Chinese Espionage on the Rise in US, Experts Warn
The growing trend of espionage
Despite the denials, there have been recent cases of Chinese economic spying.
In March, former DuPont employee, Tze Chao pleaded guilty to conspiracy to commit economic espionage. Chao, who worked at DuPont for 36 years, gave trade secrets on titanium dioxide manufacturing to Pangang Group, a Chinese government-controlled company that also produces the chemical compound.
According to Chao’s plea agreement, the Chinese government had made acquiring the technology a priority and wanted it from western companies.
Chao’s case occurred less than two years after another DuPont employee pleaded guilty to theft of trade secrets. DuPont did not respond to CNBC’s request for comment.
DuPont was not the only company targeted for theft of trade secrets.
Xiang Dong Yuworked for Ford Motors as product engineer and had access to Ford’s design documents. Before leaving the American auto maker, Yu downloaded 4,000 documents onto an external hard drive, including sensitive design specifications—designs Ford had spent millions of dollars over decades to research and develop.
Yu later went on to work for Ford’s competitor, the Beijing Automotive Company. The stolen documents were found on his work computer. He pleaded guilty to two counts of theft of trade secrets and in April, he was sentenced to 70 months in prison, fines, and deportation. Ford did not return CNBC’s request for comment.
The Growing Trend
But it’s not just China that’s adding to the FBI’s economic espionage caseload, according to Frank Figliuzzi, FBI Assistant Director for Counterintelligence.
“This fiscal year has already surpassed last year when it comes to economic espionage cases,” Figliuzzi said. “We’ve had double the arrests in this four year period from the previous four years.”
Despite the high costs and the increasing threat, U.S. companies are reluctant to publicly acknowledge what has been taken. Stolen trade secrets have “historically been a source of embarrassment to companies,” Figliuzzi said.
CNBC’s Investigations, Inc. contacted nine companies in a variety of industries that had former employees charged with theft of trade secrets and none would comment except for formal press releases that revealed little.
Yet, while companies fear that their admissions of theft will hurt their investors and open them up to further attacks, Shawn Henry, former Executive Assistant Director of the Criminal, Cyber, Response, and Service Branch of the FBI said that coming forward, at least to authorities, can help.
“I can tell you from the FBI's perspective in the cases where we've been most successful, it's been when a company has come forward,” he said. “Not publicly necessarily, but at least they've come forward to the FBI and said that they'd been breached.”
According to Figliuzzi, there are almost $14 billion in losses to American corporations in the current FBI caseload alone.

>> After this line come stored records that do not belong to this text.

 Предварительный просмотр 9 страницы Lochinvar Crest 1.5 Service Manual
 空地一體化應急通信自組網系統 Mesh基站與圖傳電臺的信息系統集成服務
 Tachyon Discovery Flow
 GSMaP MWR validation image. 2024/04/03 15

But putting an exact dollar value on the trade secrets is difficult because many of the secrets stolen have not yet come to market and the effects go beyond financial losses.
“A lot of [economic espionage] cases are in the tens or hundreds of millions of dollars, which translate to job loss, especially in tough economic times,” FBI Deputy Director Robert Anderson said.
Much of the espionage goes unnoticed because it takes place in difficult-to-detect cyber space, say analysts. However, spies continue to employ age-old tactics of espionage on the ground, sometimes working as employees of the very companies they steal from, as corporate theft continues to grow.
“[Economic espionage] crosses all industries and all technologies from agriculture and farming up to nuclear science,” said Figliuzzi.